Une approche intégrative pour comprendre les virus

Spécialiste reconnue de la phylodynamie, Claire Guinat s’attache à décrypter les dynamiques invisibles de transmission. « C’est une approche qui permet de relier la génétique des virus à leur dynamique de transmission », explique-t-elle dans un article de l’INRAE. En comparant les séquences génétiques issues d’animaux contaminés, elle reconstitue les liens épidémiologiques et identifie les facteurs favorisant la propagation.

Ses travaux ont pour objectif d’anticiper l’émergence des virus dans des contextes de plus en plus instables. « Mes recherches visent à comprendre comment évoluent, émergent et se transmettent les maladies infectieuses animales », souligne-t-elle, rappelant que les épidémies d’IAHP sont désormais « de plus en plus fréquentes et sévères ».

TrackFLU, un projet européen pour traquer les virus au Cambodge

Lauréate d’une prestigieuse bourse ERC Starting Grant, Claire Guinat pilote le projet TrackFLU (2024-2029), centré sur les marchés d’oiseaux vivants au Cambodge, véritables « écosystèmes favorables » à la circulation virale. « Nous essayons d’identifier les pratiques qui favorisent ces risques », détaille-t-elle, évoquant des premières hypothèses liées à « la mixité des espèces, le temps de présence des oiseaux sur place ou encore leur densité ».

Le projet, mené avec l’Institut Pasteur du Cambodge et des partenaires locaux, permettra à terme d’échanger directement avec les acteurs de terrain afin de proposer des stratégies de réduction des risques réellement applicables.

© INRAE

Des retombées concrètes pour les politiques publiques

Les travaux de la chercheuse toulousaine s’appliquent déjà sur le terrain.

Nous avons montré… que la proximité et la densité d’élevages de canards influençaient de façon majeure la circulation du virus sur le territoire français », rappelle-t-elle.

Ces résultats ont servi de base à des cartes de risque utilisées par le ministère de l’Agriculture pour ajuster la réglementation nationale.

Son expertise est également sollicitée au niveau européen, notamment au sein de l’Autorité européenne de sécurité des aliments (EFSA), où elle contribue à des avis scientifiques sur la surveillance et le contrôle de l’IAHP. « Cela me permet de partager mes connaissances… et de contribuer directement à des avis scientifiques qui orientent les décisions publiques », détaille-t-elle.

De nouvelles pistes de recherche

Au début de sa carrière, Claire Guinat souhaite élargir ses travaux à d’autres maladies animales et structurer un groupe dédié à la phylodynamie.

« J’encadre actuellement deux doctorantes et une postdoctorante… et c’est un aspect du métier que je trouve particulièrement stimulant », dit-elle.
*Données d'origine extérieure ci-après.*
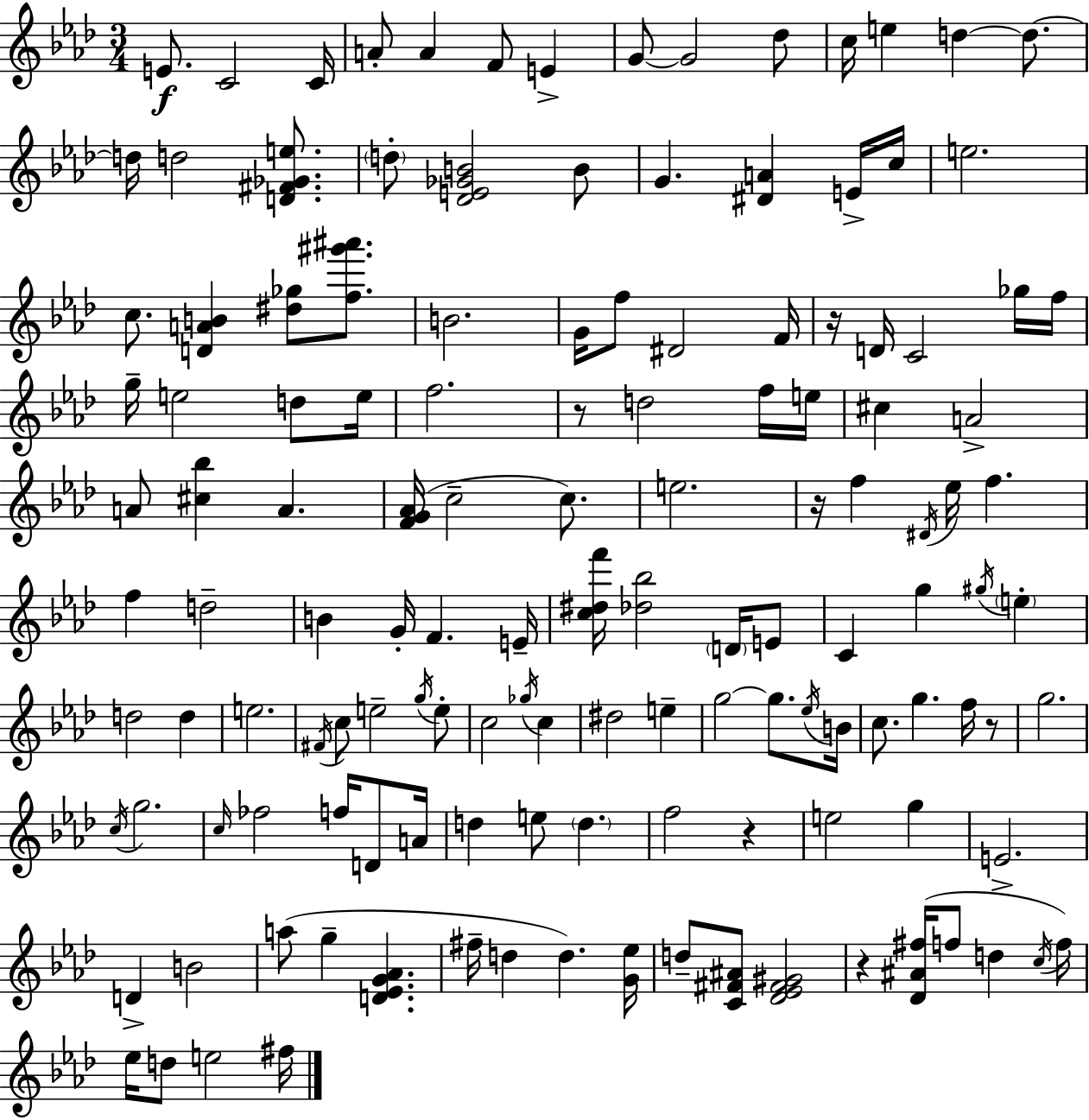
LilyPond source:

{
  \clef treble
  \numericTimeSignature
  \time 3/4
  \key f \minor
  e'8.\f c'2 c'16 | a'8-. a'4 f'8 e'4-> | g'8~~ g'2 des''8 | c''16 e''4 d''4~~ d''8.~~ | \break d''16 d''2 <d' fis' ges' e''>8. | \parenthesize d''8-. <des' e' ges' b'>2 b'8 | g'4. <dis' a'>4 e'16-> c''16 | e''2. | \break c''8. <d' a' b'>4 <dis'' ges''>8 <f'' gis''' ais'''>8. | b'2. | g'16 f''8 dis'2 f'16 | r16 d'16 c'2 ges''16 f''16 | \break g''16-- e''2 d''8 e''16 | f''2. | r8 d''2 f''16 e''16 | cis''4 a'2-> | \break a'8 <cis'' bes''>4 a'4. | <f' g' aes'>16( c''2-- c''8.) | e''2. | r16 f''4 \acciaccatura { dis'16 } ees''16 f''4. | \break f''4 d''2-- | b'4 g'16-. f'4. | e'16-- <c'' dis'' f'''>16 <des'' bes''>2 \parenthesize d'16 e'8 | c'4 g''4 \acciaccatura { gis''16 } \parenthesize e''4-. | \break d''2 d''4 | e''2. | \acciaccatura { fis'16 } c''8 e''2-- | \acciaccatura { g''16 } e''8-. c''2 | \break \acciaccatura { ges''16 } c''4 dis''2 | e''4-- g''2~~ | g''8. \acciaccatura { ees''16 } b'16 c''8. g''4. | f''16 r8 g''2. | \break \acciaccatura { c''16 } g''2. | \grace { c''16 } fes''2 | f''16 d'8 a'16 d''4 | e''8 \parenthesize d''4. f''2 | \break r4 e''2 | g''4 e'2.-> | d'4-> | b'2 a''8( g''4-- | \break <d' ees' g' aes'>4. fis''16-- d''4 | d''4.) <g' ees''>16 d''8-- <c' fis' ais'>8 | <des' ees' fis' gis'>2 r4 | <des' ais' fis''>16( f''8 d''4 \acciaccatura { c''16 }) f''16 ees''16 d''8 | \break e''2 fis''16 \bar "|."
}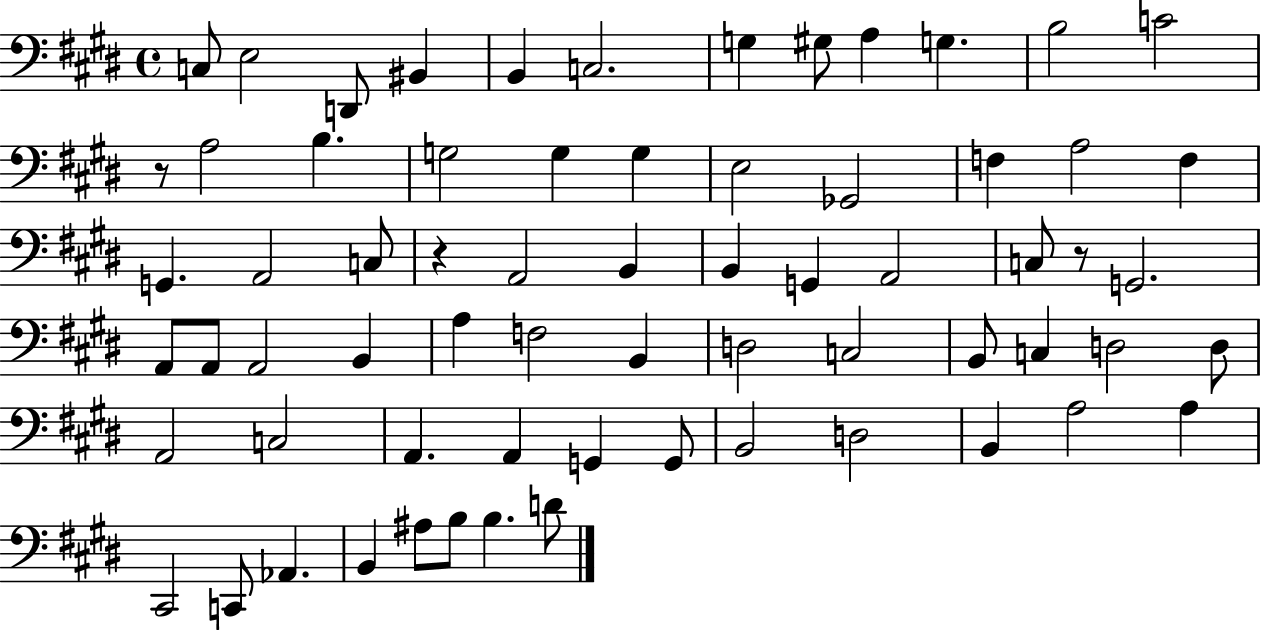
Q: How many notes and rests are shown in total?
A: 67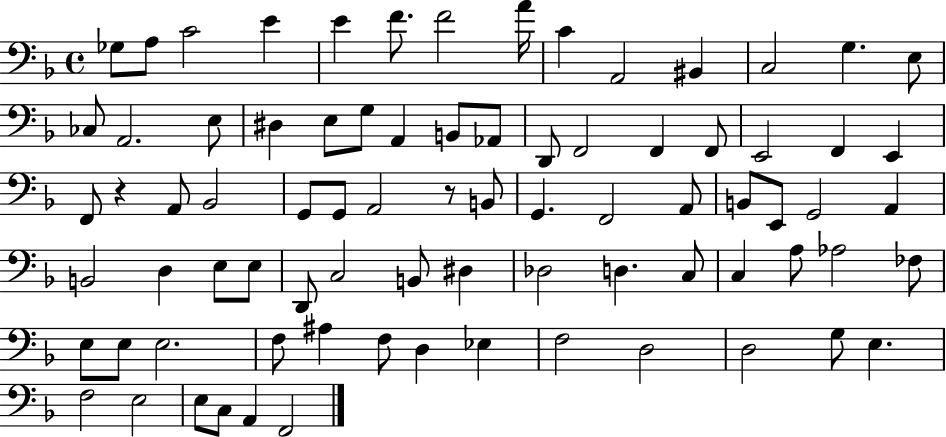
{
  \clef bass
  \time 4/4
  \defaultTimeSignature
  \key f \major
  ges8 a8 c'2 e'4 | e'4 f'8. f'2 a'16 | c'4 a,2 bis,4 | c2 g4. e8 | \break ces8 a,2. e8 | dis4 e8 g8 a,4 b,8 aes,8 | d,8 f,2 f,4 f,8 | e,2 f,4 e,4 | \break f,8 r4 a,8 bes,2 | g,8 g,8 a,2 r8 b,8 | g,4. f,2 a,8 | b,8 e,8 g,2 a,4 | \break b,2 d4 e8 e8 | d,8 c2 b,8 dis4 | des2 d4. c8 | c4 a8 aes2 fes8 | \break e8 e8 e2. | f8 ais4 f8 d4 ees4 | f2 d2 | d2 g8 e4. | \break f2 e2 | e8 c8 a,4 f,2 | \bar "|."
}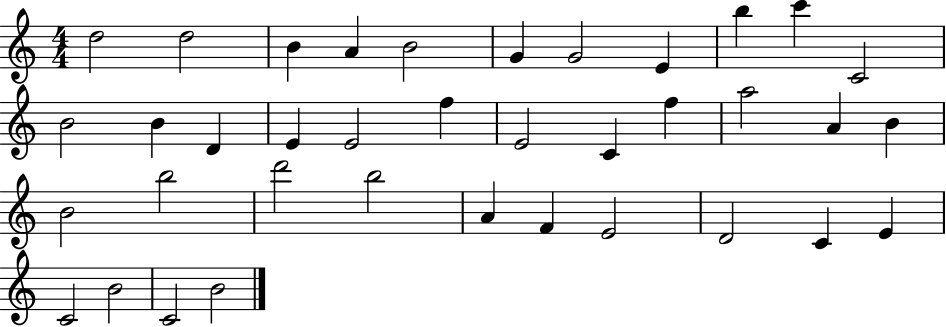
X:1
T:Untitled
M:4/4
L:1/4
K:C
d2 d2 B A B2 G G2 E b c' C2 B2 B D E E2 f E2 C f a2 A B B2 b2 d'2 b2 A F E2 D2 C E C2 B2 C2 B2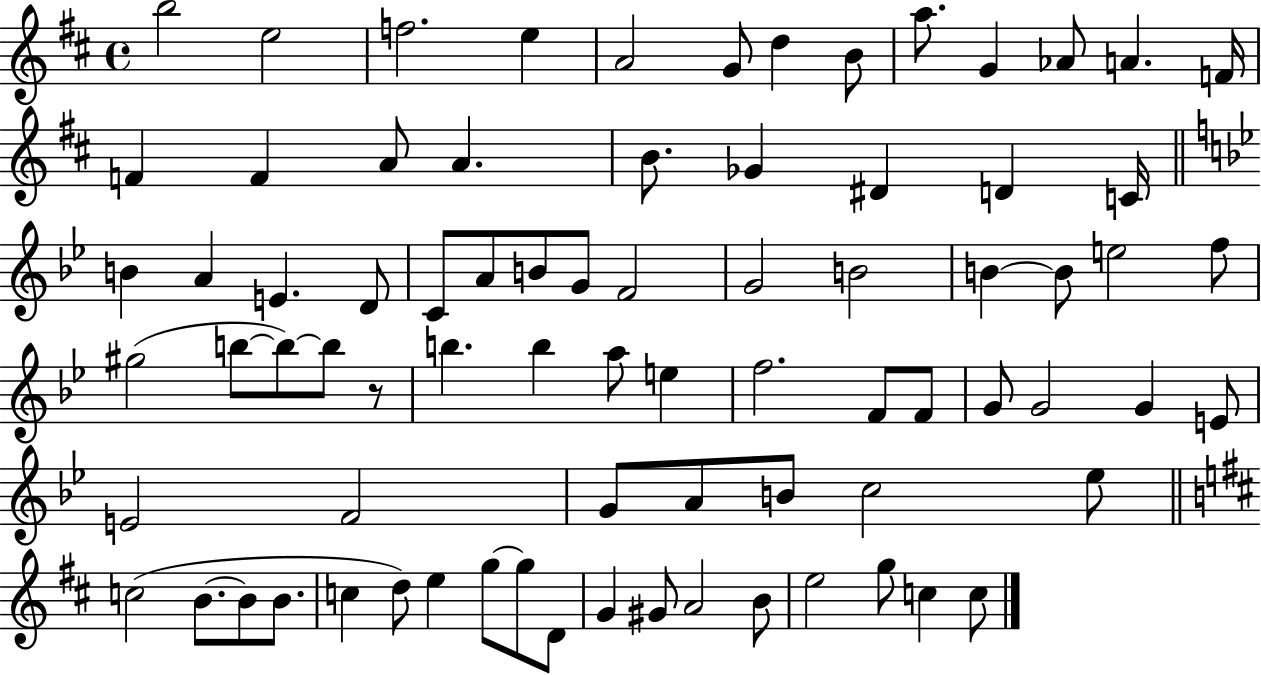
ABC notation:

X:1
T:Untitled
M:4/4
L:1/4
K:D
b2 e2 f2 e A2 G/2 d B/2 a/2 G _A/2 A F/4 F F A/2 A B/2 _G ^D D C/4 B A E D/2 C/2 A/2 B/2 G/2 F2 G2 B2 B B/2 e2 f/2 ^g2 b/2 b/2 b/2 z/2 b b a/2 e f2 F/2 F/2 G/2 G2 G E/2 E2 F2 G/2 A/2 B/2 c2 _e/2 c2 B/2 B/2 B/2 c d/2 e g/2 g/2 D/2 G ^G/2 A2 B/2 e2 g/2 c c/2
De nouveaux projets, VIVACE et ZOOFLU, l’amèneront bientôt à superviser de nouvelles recherches sur l’évolution virale et l’impact de la vaccination.

Attachée à la dimension collaborative de son métier, elle aspire à poursuivre dans une dynamique internationale :

J’aimerais continuer à faire partie d’une équipe de recherche internationale et interdisciplinaire, tout en préservant une belle dynamique scientifique et humaine. »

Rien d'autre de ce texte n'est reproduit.